The "performance tax," as Wharton calls it, could have grave effects in an already dismal economic climate, possibly forcing some radio stations to stop playing music altogether.
Rounder's Leighton-Levy is skeptical about the idea of a music radio Armageddon. All the bill is proposing, she says, is that radio stations pay the same rate to musicians that they pay to songwriters through performance rights groups like ASCAP and BMI. In other words, "a few dimes" per play, she says.
According to musicFIRST, the Performance Rights Act will not impose major costs on small radio stations. "They will pay $5,000 or less a year to clear the rights to all the music they use," says spokesman Martin Machowsky. "Public and college radio stations will pay only $1,000 a year. Talk radio, radio stations that carry religious services, and other stations that make only incidental use of music will pay nothing."

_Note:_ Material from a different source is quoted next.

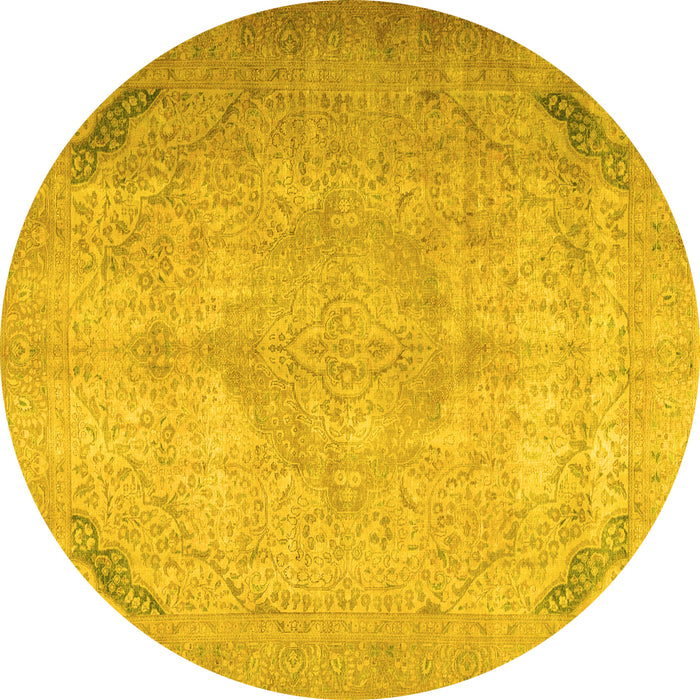 Round Persian Yellow Traditional Rug, tr3275yw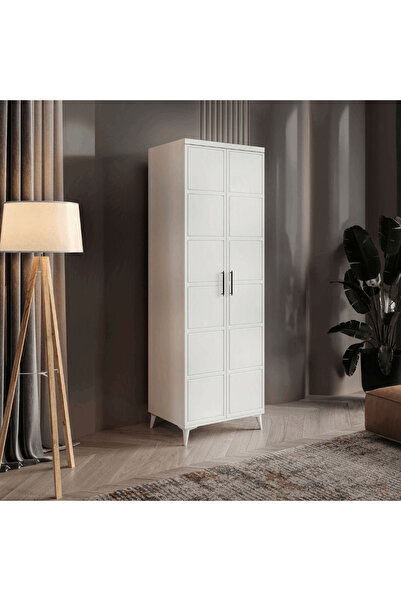 MaceraMobilya 2 Kapaklı Komple MDF Beyaz Gardırop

"It's definitely not going to be to anyone's advantage to put radio stations out of business," says Leighton-Levy.
Successful Boston stations like WBOS-FM (92.9) and WMJX-FM (106.7) may not go under, but the bill will have a negative economic impact, according to Peter Smythe, chairman and CEO of Greater Media, which owns those stations and others in the Boston area. "A lot of people will lose their jobs through this kind of stuff," he says. "The radio station has to stay somewhat profitable, we have to make our bills. So we'll cut down on music programming; it will just be too costly."
That could mean more syndicated talk radio, or something far worse. "When Rush Limbaugh is on every station in America," Smythe says, "well, you made me do it."